(Dataset excerpts)

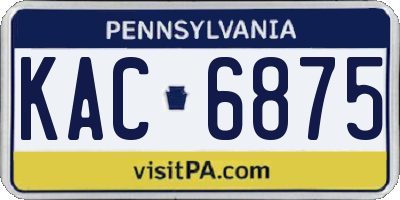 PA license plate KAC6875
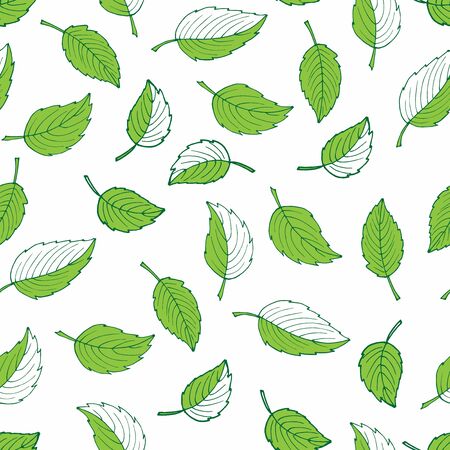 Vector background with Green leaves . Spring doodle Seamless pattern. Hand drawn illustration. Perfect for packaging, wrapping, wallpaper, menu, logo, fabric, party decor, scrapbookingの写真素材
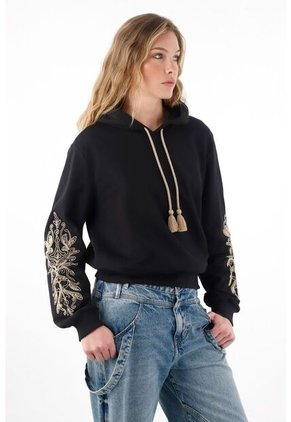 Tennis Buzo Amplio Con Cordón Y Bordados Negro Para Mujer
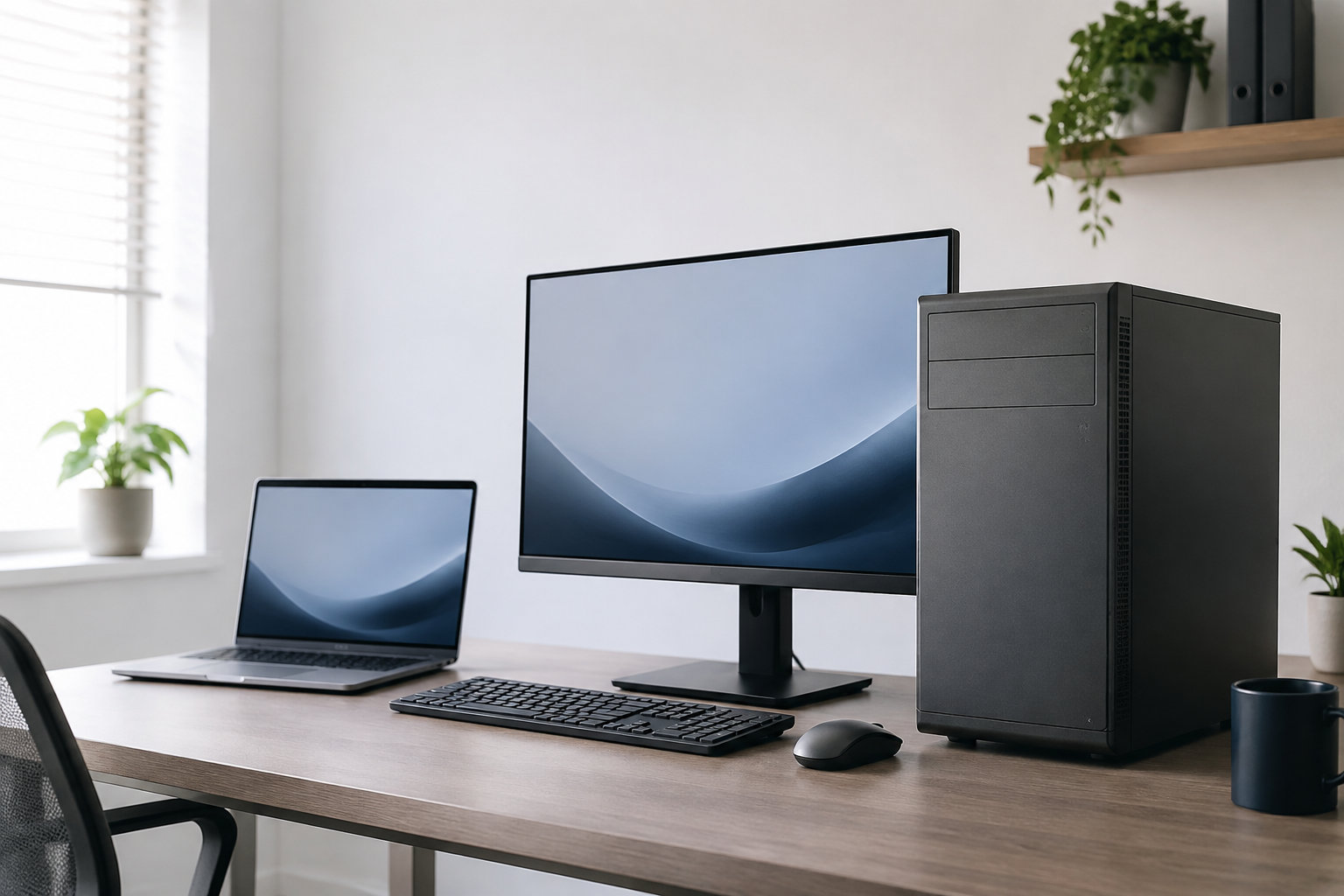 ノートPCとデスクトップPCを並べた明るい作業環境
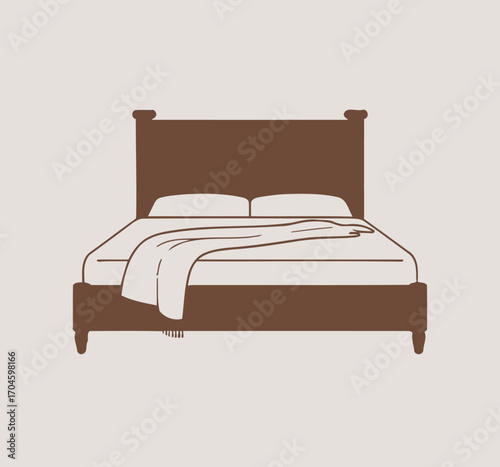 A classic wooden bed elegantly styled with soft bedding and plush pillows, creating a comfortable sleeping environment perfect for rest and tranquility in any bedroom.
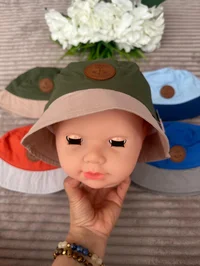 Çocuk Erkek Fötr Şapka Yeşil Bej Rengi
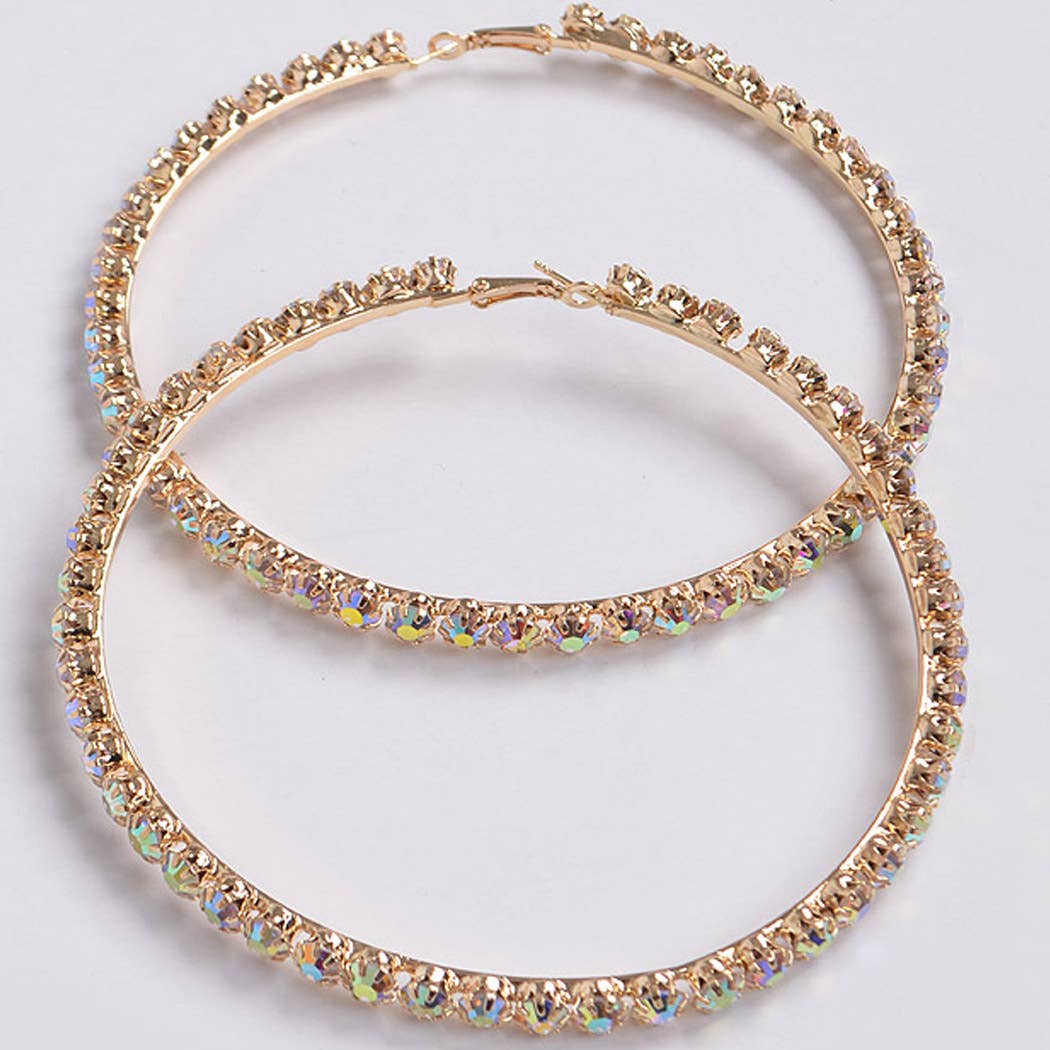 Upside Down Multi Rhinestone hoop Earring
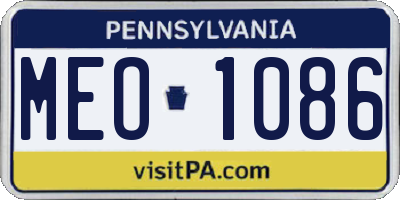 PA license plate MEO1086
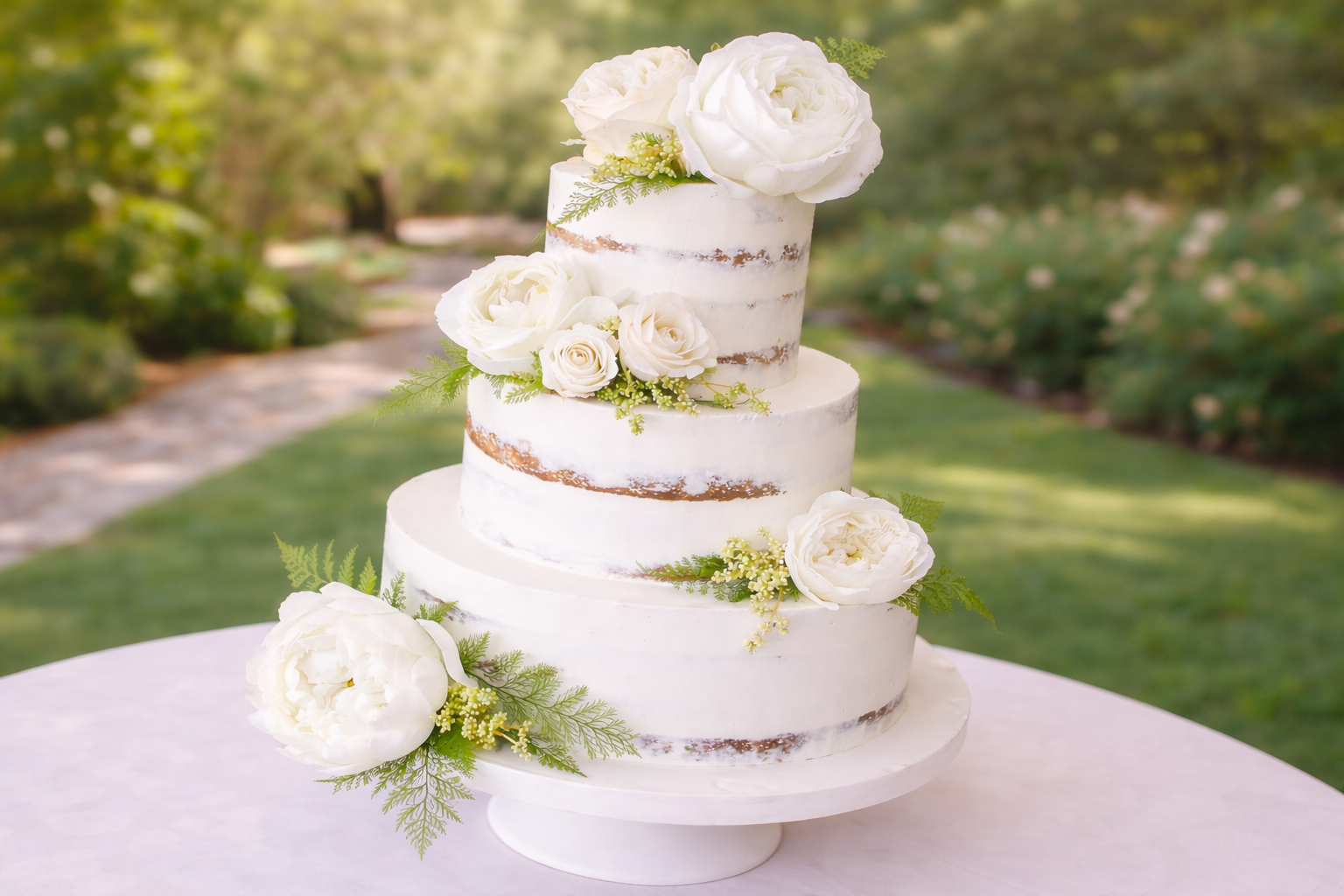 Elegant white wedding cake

## WHAT IS EXPECTED:
Leave out the pictures and print every line of the data exactly.

## OUTPUT OF THE TASK:
 PA license plate KAC6875
 Vector background with Green leaves . Spring doodle Seamless pattern. Hand drawn illustration. Perfect for packaging, wrapping, wallpaper, menu, logo, fabric, party decor, scrapbookingの写真素材
 Tennis Buzo Amplio Con Cordón Y Bordados Negro Para Mujer
 ノートPCとデスクトップPCを並べた明るい作業環境
 A classic wooden bed elegantly styled with soft bedding and plush pillows, creating a comfortable sleeping environment perfect for rest and tranquility in any bedroom.
 Çocuk Erkek Fötr Şapka Yeşil Bej Rengi
 Upside Down Multi Rhinestone hoop Earring
 PA license plate MEO1086
 Elegant white wedding cake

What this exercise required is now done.